State Denying Some Disabled Veterans Their Legal Prescription Medicine Benefits
Legislators, Advocates Propose Fix
Oct. 16, 2009
ANCHORAGE – Today three legislators, along with veterans advocates, presented a solution to a frustrating problem for military veterans living at Alaska’s Pioneer Homes. Currently Alaska’s Pioneer Homes do not allow some disabled veterans to receive the free prescription medicine benefits they are entitled to under federal law. Under federal law, disabled veterans are entitled to free prescription medicine if they have received a 51 percent or higher disability rating.
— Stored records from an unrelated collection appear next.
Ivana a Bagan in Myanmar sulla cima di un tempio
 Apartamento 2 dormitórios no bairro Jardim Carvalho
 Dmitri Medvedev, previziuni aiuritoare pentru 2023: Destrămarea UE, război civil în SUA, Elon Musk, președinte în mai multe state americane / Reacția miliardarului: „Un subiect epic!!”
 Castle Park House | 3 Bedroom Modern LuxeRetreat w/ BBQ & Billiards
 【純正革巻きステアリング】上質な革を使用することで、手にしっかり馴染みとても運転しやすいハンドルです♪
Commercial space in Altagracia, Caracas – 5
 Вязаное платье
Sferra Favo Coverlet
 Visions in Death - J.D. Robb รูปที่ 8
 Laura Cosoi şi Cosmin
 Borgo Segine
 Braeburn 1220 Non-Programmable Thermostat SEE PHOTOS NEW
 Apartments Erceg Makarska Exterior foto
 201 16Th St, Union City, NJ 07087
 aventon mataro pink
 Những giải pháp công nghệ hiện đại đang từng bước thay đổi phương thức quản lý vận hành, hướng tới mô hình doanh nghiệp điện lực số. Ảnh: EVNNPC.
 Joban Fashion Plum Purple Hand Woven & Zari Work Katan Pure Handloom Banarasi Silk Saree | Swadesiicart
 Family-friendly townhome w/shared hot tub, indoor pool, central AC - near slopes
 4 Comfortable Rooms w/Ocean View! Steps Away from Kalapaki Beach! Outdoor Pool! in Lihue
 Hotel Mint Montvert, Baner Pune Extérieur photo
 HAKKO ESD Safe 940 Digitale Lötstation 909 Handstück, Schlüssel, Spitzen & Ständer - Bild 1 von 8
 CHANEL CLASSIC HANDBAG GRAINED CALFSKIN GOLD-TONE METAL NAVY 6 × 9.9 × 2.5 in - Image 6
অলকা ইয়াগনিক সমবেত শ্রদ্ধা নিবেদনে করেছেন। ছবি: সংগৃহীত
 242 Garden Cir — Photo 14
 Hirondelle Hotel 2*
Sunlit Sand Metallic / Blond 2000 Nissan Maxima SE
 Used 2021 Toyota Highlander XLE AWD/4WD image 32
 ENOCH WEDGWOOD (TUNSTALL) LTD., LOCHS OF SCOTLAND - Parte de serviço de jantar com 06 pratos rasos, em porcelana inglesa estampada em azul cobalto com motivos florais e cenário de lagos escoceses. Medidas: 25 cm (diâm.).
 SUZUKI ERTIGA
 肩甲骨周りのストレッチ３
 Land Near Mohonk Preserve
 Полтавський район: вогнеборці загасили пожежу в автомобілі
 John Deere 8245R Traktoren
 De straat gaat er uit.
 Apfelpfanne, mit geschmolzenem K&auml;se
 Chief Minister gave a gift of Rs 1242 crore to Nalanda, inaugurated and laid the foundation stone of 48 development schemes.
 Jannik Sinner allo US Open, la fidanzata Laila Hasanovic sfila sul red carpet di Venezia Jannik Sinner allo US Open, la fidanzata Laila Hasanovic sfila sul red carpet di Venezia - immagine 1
Rep. Les Gara (D-Anchorage), Rep. Nancy Dahlstrom (R-Eagle River) and Sen. Bill Wielechowski (D-Anchorage) joined to send a letter (attached) to the director of the Pioneer Homes to propose a solution to the prescription medicine problem. Wielechowski and Dahlstrom are co-chairs of the Joint Armed Services Committee.
“Veterans have earned this benefit and deserve it,” said Beatrice Combs, who brought the problem to light. “Moving into a private home is expensive and why should we charge them more for prescription drugs? Even a few hundred dollars a month is a lot.”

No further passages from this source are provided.